E onde eu quero chegar com tudo isso? Bem, o momento eleitoral está próximo. As eleições não devem nos forçar a pensar somente em quem votar, em quais partidos representam os interesses populares, feministas, antirracistas, LGBTs. Mais importante que isso: as eleições são um momento para nos questionar se podemos contribuir também nesse pensar e agir político permanente. Vale lembrar também que as eleições municipais, aparentemente muito localizadas em questões locais, são um prelúdio das eleições estaduais e nacionais.

O desafio é: onde posso pensar e agir politicamente? É necessariamente num partido político? Não. Pode ser em um coletivo na Universidade, na associação do seu bairro, no sindicato da sua categoria profissional e, por que não, num partido político também? Estamos num momento político que também requer ousadia nas iniciativas. O comum é o individualismo, que corrói quase todos os sentimentos coletivos que temos. Na primeira divergência ou chateação com o coletivo, já tenho motivos suficientes pra sair, desistir e pensar somente comigo mesma.

Mas antes de sequer considerar a ideia de se organizar politicamente ou antes de desistir, lembre-se que é justamente isso que nossos inimigos querem. É isso que os donos do poder querem para continuar mandando, impondo desigualdade, falta de oportunidades, políticas de encarceramento e extermínio. O que eles querem é que estejamos dispersas, divergentes, fragmentadas, sozinhas, buscando um meio de sobreviver individualmente, descolada dos problemas do outro.

Porém, nós não somos indivíduos. Somos comunidade. O problema das mulheres é meu problema. O problema dos trabalhadores uberizados, é meu problema também. O racismo que privilegia brancos e brancas como eu, é principalmente um problema meu. Os abandonos afetivos e materiais que sofrem as pessoas não-heterossexuais, é um problema. E todas essas questões são nossas, de todas pessoas.

Além de votar, precisamos nos organizar sempre na esperança de subverter esses problemas, destruir opressões estruturais. Mesmo nos organizando, ainda descobrimos que somos poucas e poucos. E como conquistar então mais pessoas para a luta? Essa também é parte fundamental de quem está comprometida/o com uma democracia radical e com os direitos humanos. Mas fica para outro texto.

Neste, quero deixar uma mensagem de amor. A mensagem de que somos comunidade política, que nossos problemas não irão se resolver sozinhos. São responsabilidades e compromissos nossos. Pense em quem vai votar, e procure por partidos políticos que vocalizem e pratiquem de forma coerente essa indignação com a injustiça e a desigualdade.

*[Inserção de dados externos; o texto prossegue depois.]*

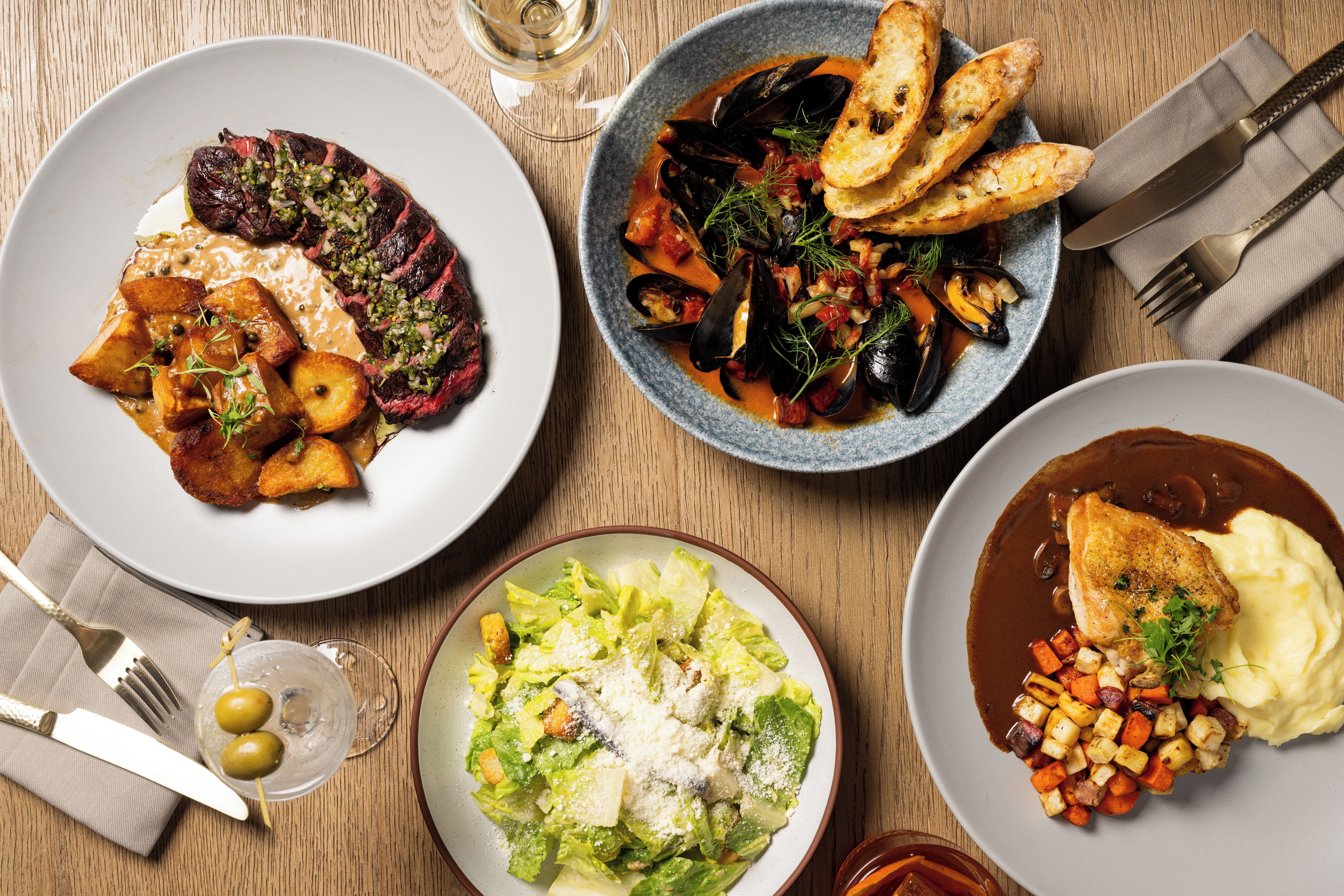 A table set with multiple dishes including steak, mussels, and a salad, with cutlery and a glass of wine.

Mas pense também no que é possível contribuir em coletivo. Com canta Caetano, “it’s a long way”. A estrada é longa, mas se formos juntas e muitas, lutando por igualdade na medida em que visibilizamos nossas diversidades, percorremos esse caminho longo mais rápido.

Referências

BUENNO, Winnie; BURIGO, Joanna; PINHEIRO-MACHADO, Rosana; SOLANO, Esther. Tem Saída? Ensaios Críticos sobre o Brasil. Editora Zouk: Porto Alegre, 2017.

VELOSO, Caetano. It’s a long way. Londres: Gravadora Phillips, 1972.